### [Aim of the task]
Locate the lines of the listing below that hold "Classic", then copy each of them.
<<<<
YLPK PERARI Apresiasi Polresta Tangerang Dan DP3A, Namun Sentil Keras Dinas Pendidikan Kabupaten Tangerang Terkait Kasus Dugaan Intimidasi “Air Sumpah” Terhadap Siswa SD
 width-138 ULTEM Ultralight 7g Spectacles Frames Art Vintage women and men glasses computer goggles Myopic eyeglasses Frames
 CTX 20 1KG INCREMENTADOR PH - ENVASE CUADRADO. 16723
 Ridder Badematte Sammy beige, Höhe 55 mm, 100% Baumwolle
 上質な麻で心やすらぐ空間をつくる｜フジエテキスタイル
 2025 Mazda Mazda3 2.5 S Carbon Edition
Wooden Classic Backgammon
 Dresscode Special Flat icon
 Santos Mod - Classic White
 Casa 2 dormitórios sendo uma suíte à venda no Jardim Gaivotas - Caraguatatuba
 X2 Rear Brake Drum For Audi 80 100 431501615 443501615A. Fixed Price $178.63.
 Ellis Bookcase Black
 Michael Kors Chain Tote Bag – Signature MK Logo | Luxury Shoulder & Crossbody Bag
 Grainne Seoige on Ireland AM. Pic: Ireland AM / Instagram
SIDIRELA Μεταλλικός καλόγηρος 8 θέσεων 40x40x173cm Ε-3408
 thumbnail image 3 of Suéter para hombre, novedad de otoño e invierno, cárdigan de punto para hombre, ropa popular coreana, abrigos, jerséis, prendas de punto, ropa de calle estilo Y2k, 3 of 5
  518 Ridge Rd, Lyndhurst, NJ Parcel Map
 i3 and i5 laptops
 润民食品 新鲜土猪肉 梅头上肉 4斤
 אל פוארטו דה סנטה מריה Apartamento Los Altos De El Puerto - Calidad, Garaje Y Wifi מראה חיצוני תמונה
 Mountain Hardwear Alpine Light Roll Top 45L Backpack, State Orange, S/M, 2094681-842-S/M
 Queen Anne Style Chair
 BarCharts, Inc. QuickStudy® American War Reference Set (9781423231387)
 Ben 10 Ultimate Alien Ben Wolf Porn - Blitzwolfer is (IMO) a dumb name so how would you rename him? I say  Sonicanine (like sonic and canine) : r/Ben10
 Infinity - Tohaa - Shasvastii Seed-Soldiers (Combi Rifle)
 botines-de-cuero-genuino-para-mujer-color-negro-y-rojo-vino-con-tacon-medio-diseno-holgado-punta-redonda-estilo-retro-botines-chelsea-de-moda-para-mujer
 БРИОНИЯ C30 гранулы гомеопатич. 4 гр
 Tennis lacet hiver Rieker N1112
>>>>
### [Answer box]
Wooden Classic Backgammon
 Santos Mod - Classic White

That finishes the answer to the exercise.